Tim Hollingsworth, CEO, British Paralympic Association talks about the success of London 2012 and the benefit the Paralympics will have on our perceptions of and attitudes to disability, and disabled athletes.
An extraordinary thing happened in this country in the past month. The success of the London 2012 Olympic Games and in particular of Team GB and our Olympic athletes created an incredible wave of national excitement, unity and pride. The Games was responsible for some new and different behaviour. It was incredible for me to see normally ‘sport-resistant’ friends rushing home so that they could see the 10 metre Platform Diving Final.

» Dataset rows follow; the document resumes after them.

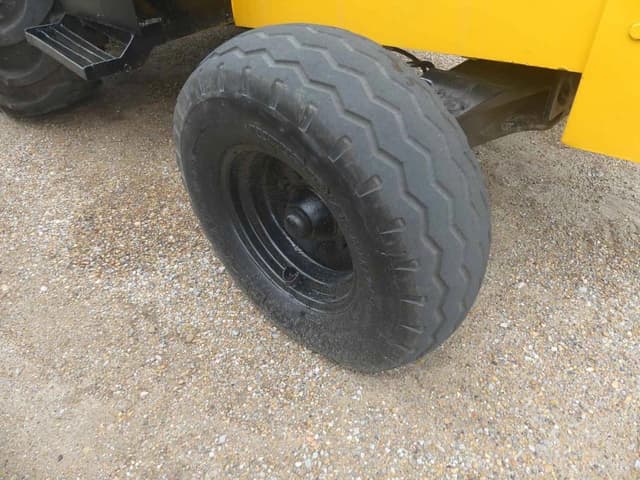 Image of John Deere 488E equipment image 4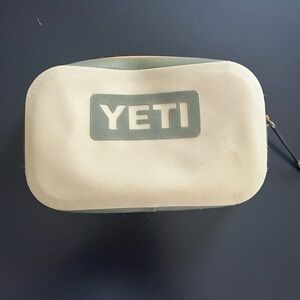 Yeti Sidekick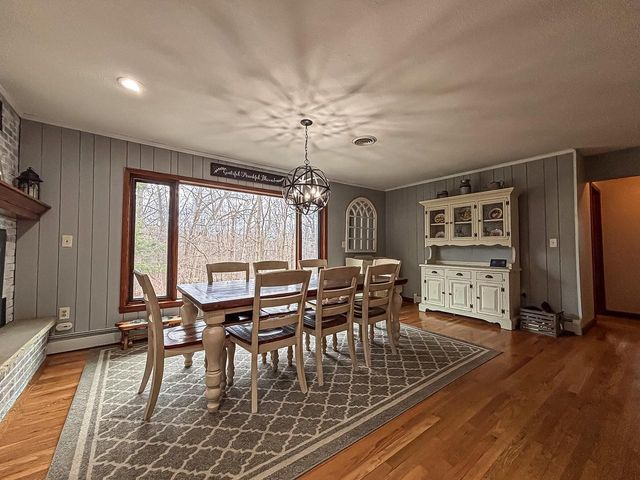 28808 Grove LANE, Waterford, WI 53185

It was a positive, optimistic environment where our athletes showed that if you believed enough and worked hard enough, anything is possible.

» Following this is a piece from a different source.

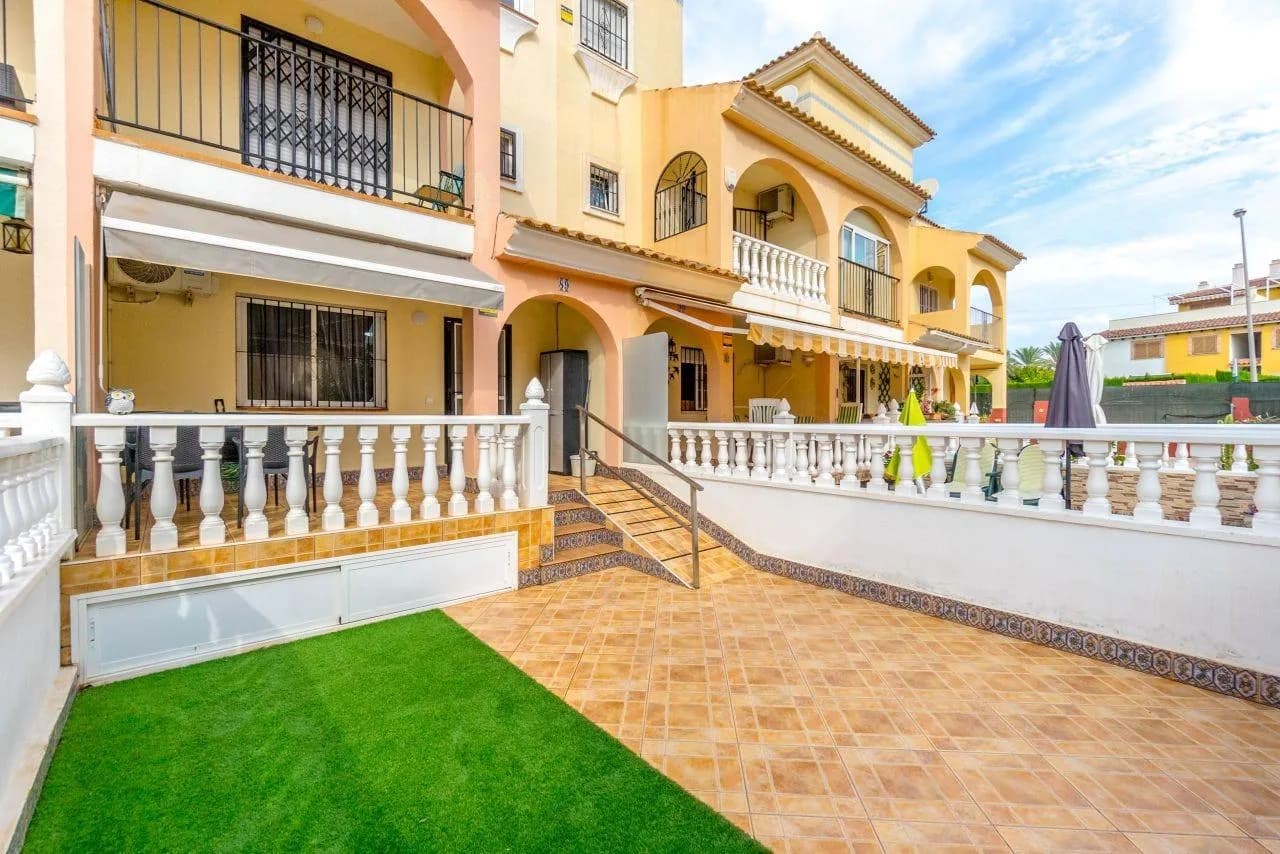Terraced House In Orihuela Costa - Image 2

Having had this moment, the big worry was that the wave would come crashing down, we would return to our previous, cynical, world-weary ways and all the benefits gained by the success of the Olympics lost.

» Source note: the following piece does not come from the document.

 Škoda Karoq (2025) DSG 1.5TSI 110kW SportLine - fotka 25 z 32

Well for those with that concern, I have good news. Something even more extraordinary is about to happen, that will focus not just on our desire to feel positive and excited by our nation’s success and proud of our athletes, but go beyond that.
The London 2012 Paralympic Games will start on 29 August. Ten days of incredible sporting competition that will once again have the nation on the edge of its seat. But in addition it will bring something more. It will have direct impact on our emotions, and also on our perceptions of and attitudes to disability, and disabled athletes. And this really could have profound, long term benefit.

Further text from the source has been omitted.